Gaudeamus omnes in Domino, diem festum celebrantes sub honore Sanctorum omnium: de quorum solemnitate gaudent Angeli, et collaudant Filium Dei.—from Introit of Mass
Today is the feast of All Saints. I have always loved this feast, as well as tomorrow's exercises for the Faithful Departed, because they put our lives in perspective. This is an opportune time to assess where we will stand before the awesome judgment seat of Christ. Am I on the road to Heaven, with all the Saints? Will I have to make a painful purification in Purgatory? Or am I on my way apart from God, into the eternal fire given to the Devil and his fallen angels?
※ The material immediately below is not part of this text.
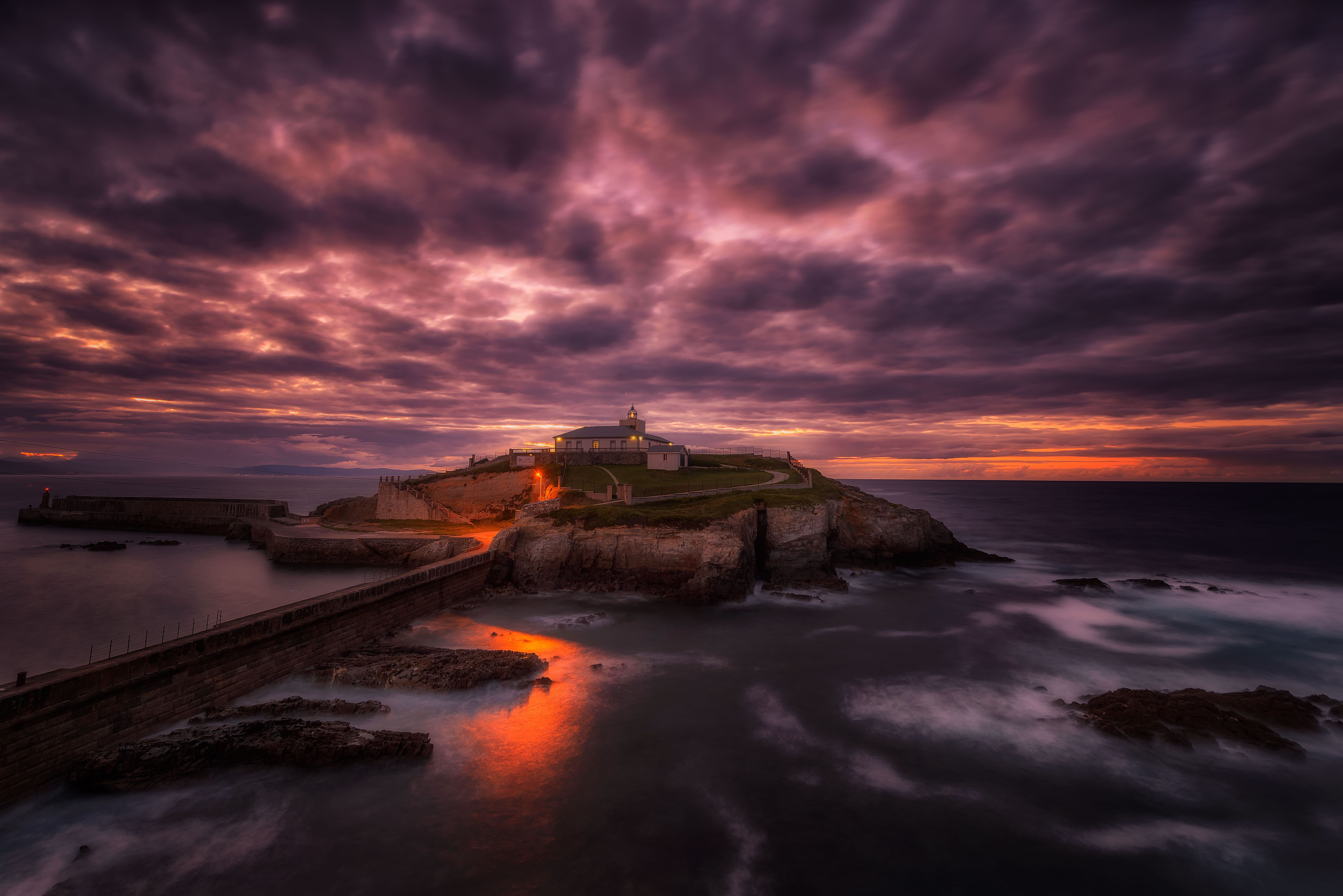 Faro de Tapia, por Alfonso Maseda Varela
Holy Mother Church gives us a simple blueprint for sanctity to consider in today's Mass: Our Blessed Lord's eight beatitudes from the Sermon on the Mount in St. Matthew's account of the Gospel. St. Augustine tells us that these beatitudes command our kindness towards our temporal commonwealth, but that our great focus must winnow at Heaven:
Neither is it marvel that the greater commandments be given touching the kingdom of heaven, and the lesser touching a commonwealth upon earth, since both are alike the gifts of that one God Who is the Maker alike of heaven and of earth. The higher and greater righteousness, then, is that whereof the Prophet saith: Thy righteousness is like the mountains of God. Thus is that Teacher, Who alone can give such teaching, mystically represented as teaching upon a mountain. And when He was set. The attitude of sitting while teaching appertaineth to the majesty of His instruction. His disciples came unto Him nearer in the body, to hear those precepts, by the fulfilment of which they should be nearer in spirit. And He opened His Mouth, and taught them, saying These words And He opened His Mouth, appear redundant to the sense. It may possibly be that this more pompous introduction is adopted on account of the exceptional length of the discourse to follow. But it may also be that these words are not really redundant, but the pointed declaration that He now opened His Own Mouth, Who, under the Old Law, had been used to open the mouths of the Prophets.—from the third nocturn at Matins
Have we abided by Jesus's precepts? Let us keep the Saints, those venerable friends of God, close by as our own friends and our models in life. We are already blessed to have God's Virgin Mother as our own Mother (John 20:27) and a guardian angel. We may also ask the prayers of the Saints in Heaven (Apocalypse Ch. 5), not only those canonized Saints who have their great devotions and feasts, but those recalled today, who lived life as unassumingly and quietly as we do, who wanted nothing other than an eternity with God.
The introit of today's Mass:
Let us all rejoice in the Lord, celebrating a feast day in honor of all the Saints, on whose solemnity the angels rejoice, and join in praising the Son of God.Ps 32:1
Exult, you just, in the Lord; praise from the upright if fitting.
V. Glory be to the Father, and to the Son, and to the Holy Ghost.
R. As it was in the beginning, is now, and ever shall be, world without end. Amen.
Let us all rejoice in the Lord, celebrating a feast day in honor of all the Saints, on whose solemnity the angels rejoice, and join in praising the Son of God.